18 Mart 2012 Pazar


Hayat ile yazı, sanat ile gerçek, gül ile kelam arasında kaldığımızda, hiç kimse gülün varlığından, dahası gülün anlamlarına ilişkin kelimelerin de var olduğunan habersiz değildir çünkü. Çünkü kalbe konuşur gül ve herkesin kalbi vardır. Öyleyse gül herkes iledir ve herkes içindir.

Bilen biliyor gören görüyor, “Gülü tarife ne hacet ne çiçektir biliriz”, deyip bir tarafa çekilmek mümkün iken ve aramızdaki bunca eski hikayeye rağmen gülle küsü önleyen yine gülün kendisidir. Gülle küsülmez, gül reddedilmez. Yalnızlık kuşatması altında acı verirken bunca, suya dökülen tek sap gül, yine de bütün acıların son bulabileceği yegâne yerdir.

Gül sonuç değil sebeptir.
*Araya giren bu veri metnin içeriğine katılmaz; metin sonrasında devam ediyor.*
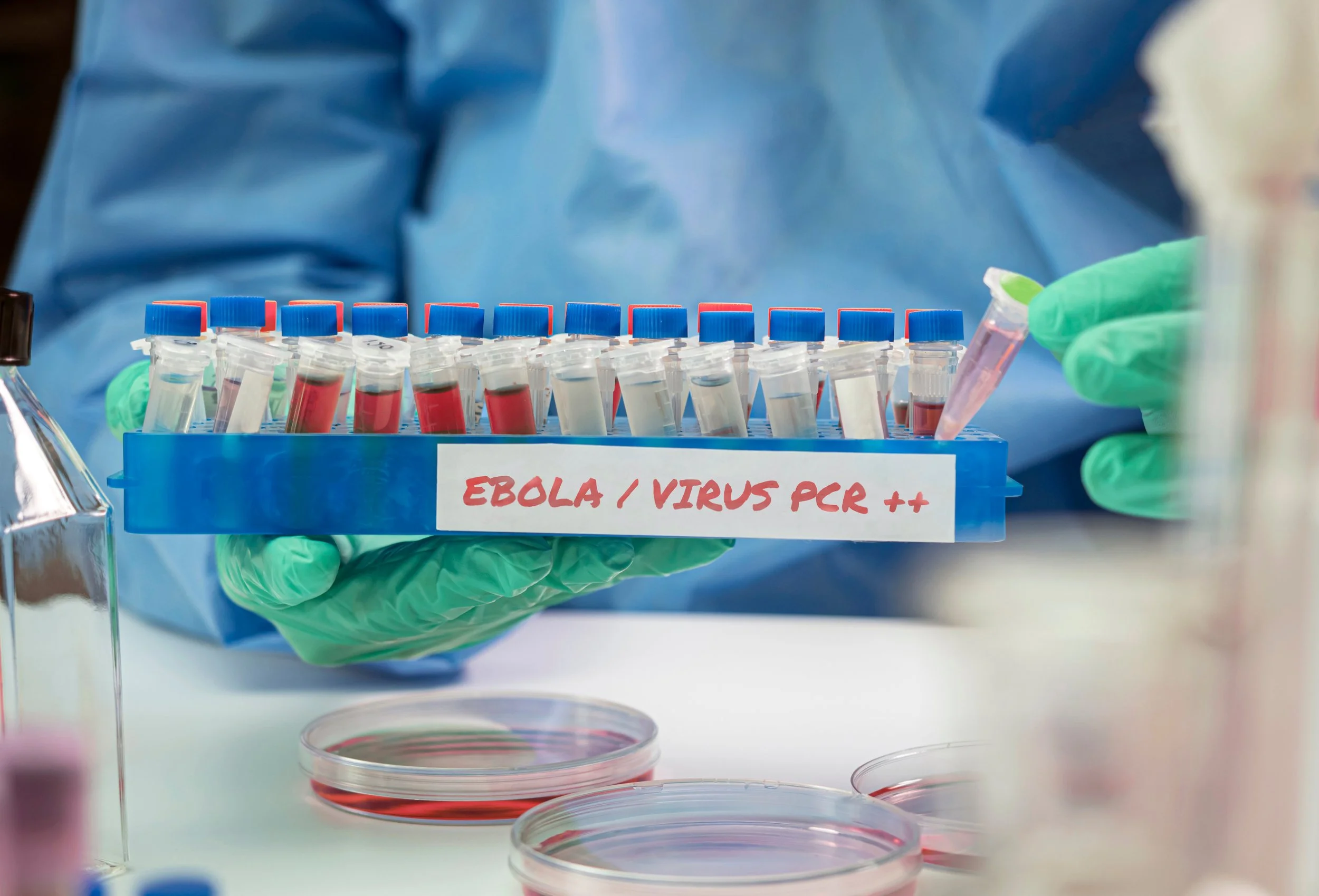 Ebola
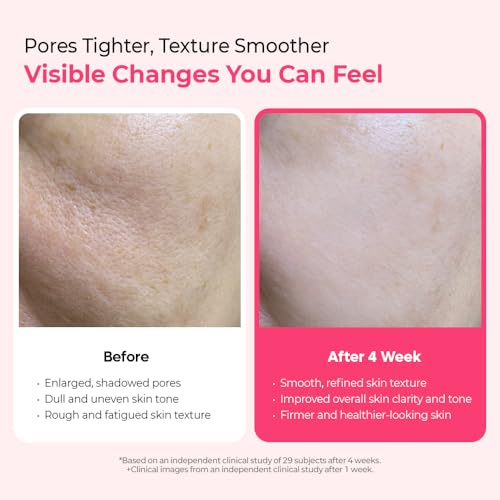Dr.Melaxin Cyano Pink Spicule Serum | Microneedle Facial Treatment, 1.01 fl.oz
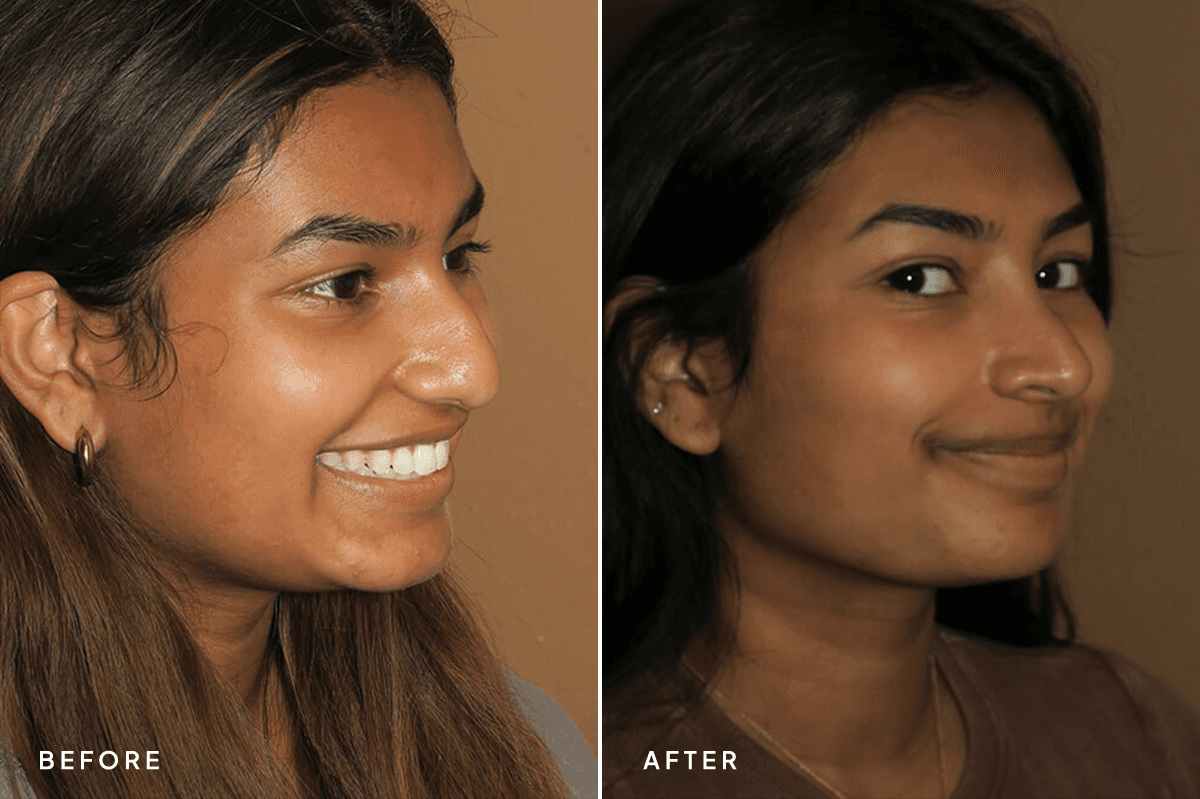 New Horizons Face Gallery | Rhinoplasty | 6955-rhinoplasty | C Angle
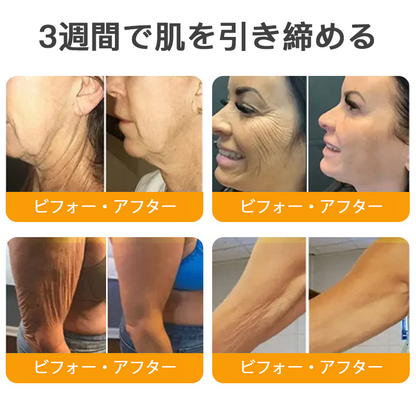 🌿 TLOPA® 蜂毒スキンリペアクリーム 🔥【最終日】本日限定 80%オフ！🌟🌟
Tezahür değil kaynaktır. Gurbet değil sıladır. Dağınık değil mutlaktır. Suret değil asıldır. Geçmişe ve geleceğe ertelenemez gül, hakikat-i sabitedir, o kadar ki adı kendinde saklıdır. Her defasında yenidir gül, yeni gibi değildir. Gül tükenmez ışığı ödünç değildir. Işığı tükenirse gül gül değildir.

Bir gül yazısı için mevsim geç gibi görünebilir
Ancak yine de bir gül yazısı yazmak için vakit hiçbir zaman geç değildir.